The paper you mention is important for 2 reasons:
- It shows that there is no asynchronous deterministic consensus algorithm that tolerates even a single crash fault. Note that in the synchronous setting,there is a deterministic algorithm that terminates in $f+1$ rounds when $\le f$ processes crash.
- It introduces bivalence and univalence of configurations (*), which are used in many lower bounds and impossibility proofs later on.
Applications
One important application of the consensus problem is the election of a coordinator or leader in a fault-tolerant environment for initiating some global action. A consensus algorithm allows you to do this on-the-fly, without fixing a "supernode" in advance (which would introduce a single point of failure).
Another application is maintaining consistency in a distributed network: Suppose that you have different sensor nodes monitoring the same environment. In the case where some of these sensor nodes crash (or even start sending corrupted data due to a hardware fault), a consensus protocol ensures robustness against such faults.

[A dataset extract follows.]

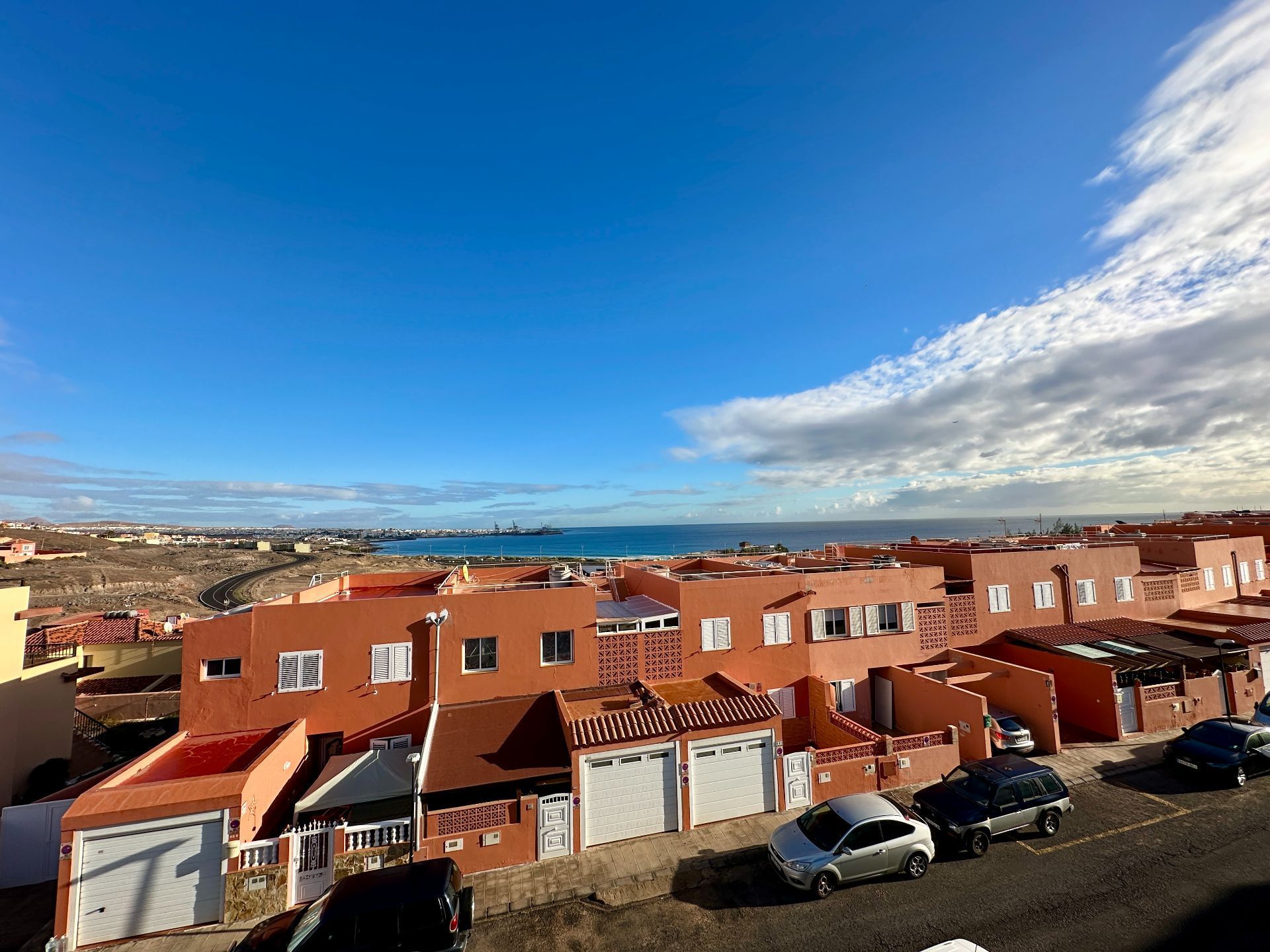 Vista exterior de Casa adosada en venda en Puerto del Rosario amb Jardí privat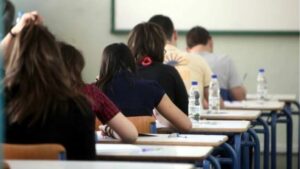 Πανελλαδικές 2022: Ξεκινούν στις 3 Ιουνίου οι εξετάσεις - Πότε κλείνουν τα σχολεία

(*) A run of a distributed algorithm is a sequence of configurations. A configuration is a vector of the local states of the processes. Each process executes a deterministic state machine. Any correct consensus algorithm must eventually reach a configuration where every process has decided (irrevocably) on the same input value. A configuration $C$ is $1$-valent if, no matter what the adversary does, all possible extensions of $C$ lead to a decision value of $1$. Analogously, we can define $0$-valency. A configuration $C$ is bivalent if both decisions are reachable from $C$ (which one of the two is reached depends on the adversary). Clearly, no process can have decided in a bivalent configuration $C$, as otherwise we get a contradiction to agreement! So if we can construct an infinite sequence of such bivalent configurations, we have shown that there is no consensus algorithm in this setting.